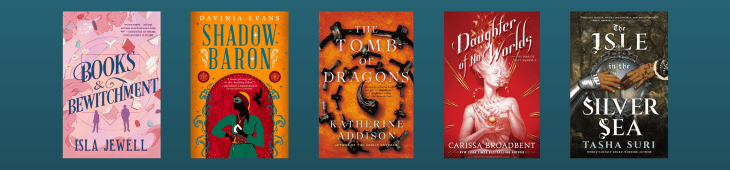 Book covers for the second five of the books listed above, set against a teal gradiant background.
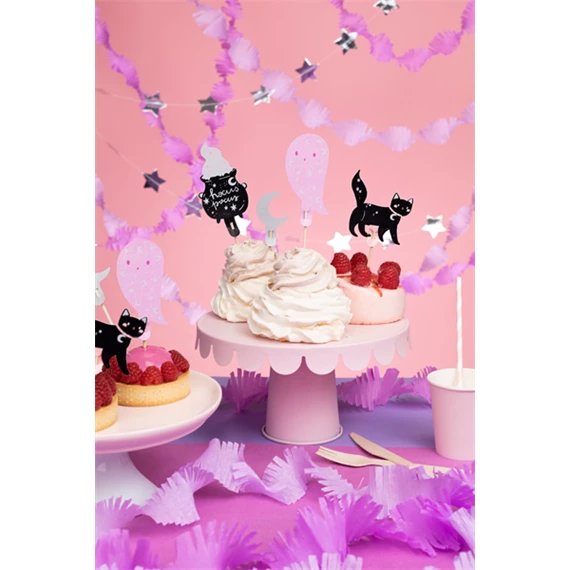 Cupcake dísz halloween, 14 cm, mix S/6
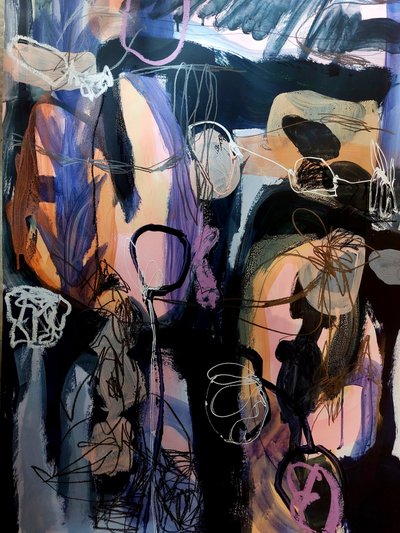 Abstracte vloeiende vormen door Monika Riethmueller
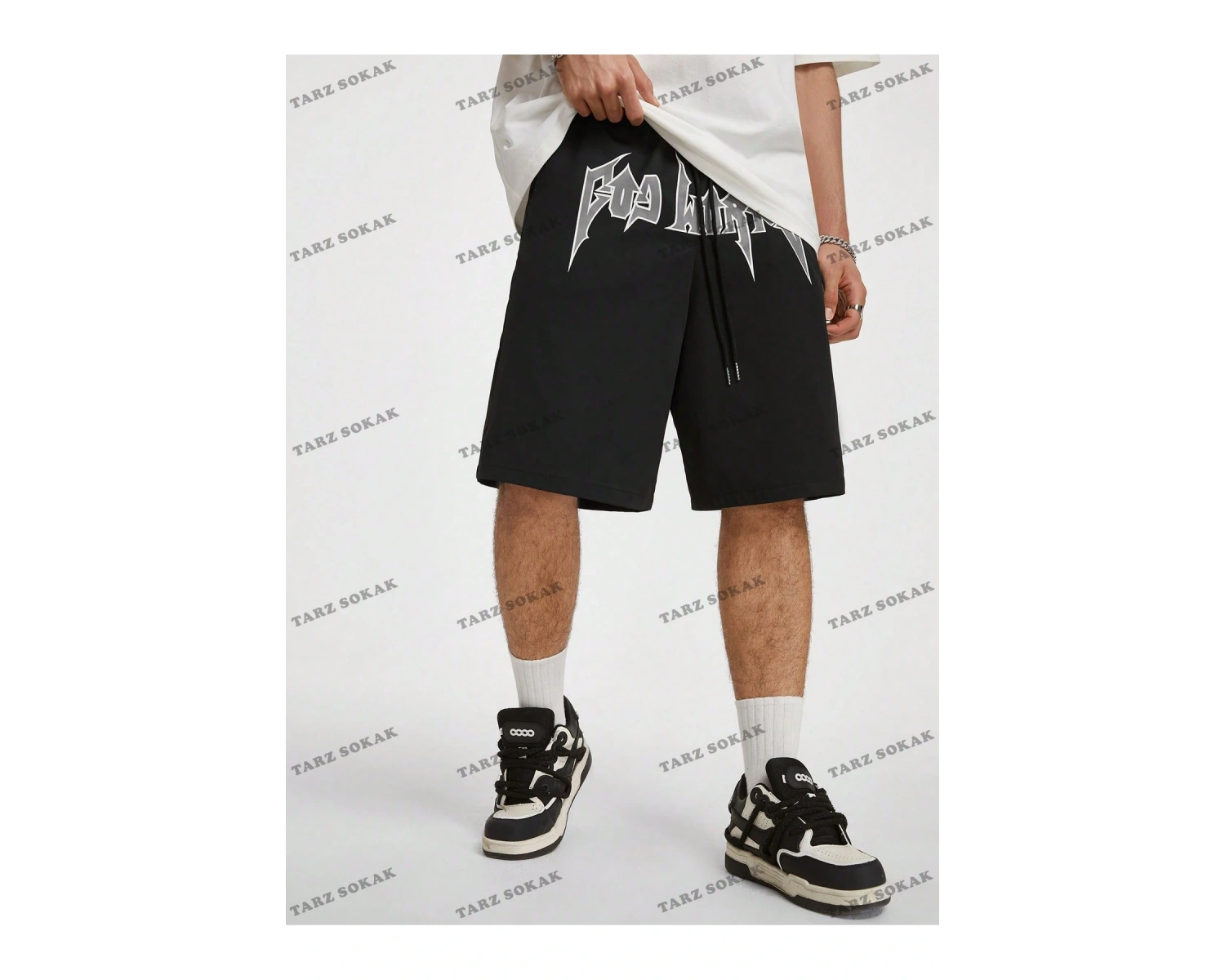 Y2K Unisex Yaz Şort Bermuda Harajuka Anime Retro KOD-11510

- [What you have to do] Every line above should be returned exactly; the pictures stay out.

- [Written solution]
 Book covers for the second five of the books listed above, set against a teal gradiant background.
 Cupcake dísz halloween, 14 cm, mix S/6
 Abstracte vloeiende vormen door Monika Riethmueller
 Y2K Unisex Yaz Şort Bermuda Harajuka Anime Retro KOD-11510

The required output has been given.